Une scène sur deux niveaux pour des tableaux crues / © Blandine Soulage
Une scène sur deux niveaux pour des tableaux crues / © Blandine Soulage

John Adams a composé un opéra pop “I Was Looking At The Ceiling And Then I saw The Sky”. Il est encore temps d’aller le voir au théâtre de la Croix Rousse jusqu’à dimanche. Cet ouvrage permet une belle entrée en matière à un public peu habitué aux scènes lyriques

Par Franck Giroud

Le compositeur américain John Adams s’est fait connaitre du grand public dans les années 80 avec un opéra «Nixon in China». Il fait partie de ce que l’on appelle la musique minimaliste ou répétitive à l’instar de Philip Glass ou Steve Reich. Une musique qui a beaucoup inspiré des musiciens comme David Bowie ou les Allemands de Kraftwerk. Les Daft Punk et Jean Michel Jarre n’y ont pas été insensibles. L’opéra de Lyon s’était déjà embarqué dans cette musique avec la création mondiale d’un ouvrage qui avait beaucoup fait parler de lui par son sujet en 1991, «La mort de Klinghoffer» sur la prise d’otages de l’Achille Lauro.
 

Un opéra pop en 7 vies et 20 tableaux

C’est dire si une œuvre de John Adams programmée par l’opéra de Lyon hors les murs, au théâtre de la Croix Rousse est intéressante de prime abord. Et le résultat est à la hauteur avec «I Was Looking At The Ceiling And Then I saw The Sky» (je fixais le plafond et puis j’ai vu le ciel). Cet ouvrage qui oscille entre opéra pop et comédie musicale nous raconte en une vingtaine de séquences le tremblement de terre dans un quartier de Los Angeles en 1994. En sept vies, sept personnages évoluent dans un décor à deux niveaux. Des alvéoles représentant un parc, une chambre et une salle de bain au niveau supérieur tandis que les huit musiciens sont en bas.
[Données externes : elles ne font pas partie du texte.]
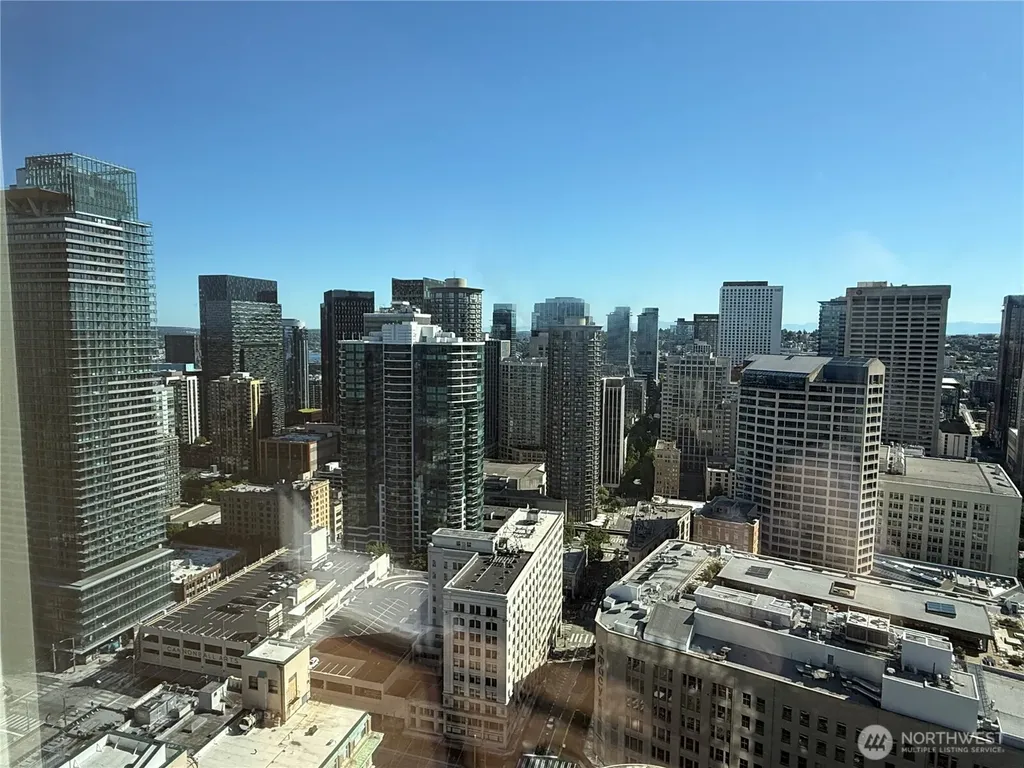 121 Stewart Street Seattle WA 98101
De part et d’autres de la scène, une église et un tribunal, jugement de Dieu, jugement des hommes.

Un beau mélange de styles musicaux américains

La musique alterne les styles : minimaliste en ouverture puis gospel, blues ou jazz pour porter un propos sur la misère, l’immigration, le racisme et parfois le sordide autour de la drogue. Les voix des chanteurs de l’Opéra Studio sont sonorisées ce qui ne met pas en relief leur interprétation. Leur jeu est de qualité et la mise en scène reprise par Eugen Jebeleanu après la défection de Macha Makeïeff est efficace voire crue. Les tableaux aux couleurs et lumières façon photos de Pierre et Gilles donnent un ton acidulé à la soirée.

“I Was Looking At The Ceiling And Then I saw The Sky” de John Adams, mise en scène Eugen Jebeleanu, direction musicale Vincent Renaud, au théâtre de la Croix Rousse jusqu’au 23 février.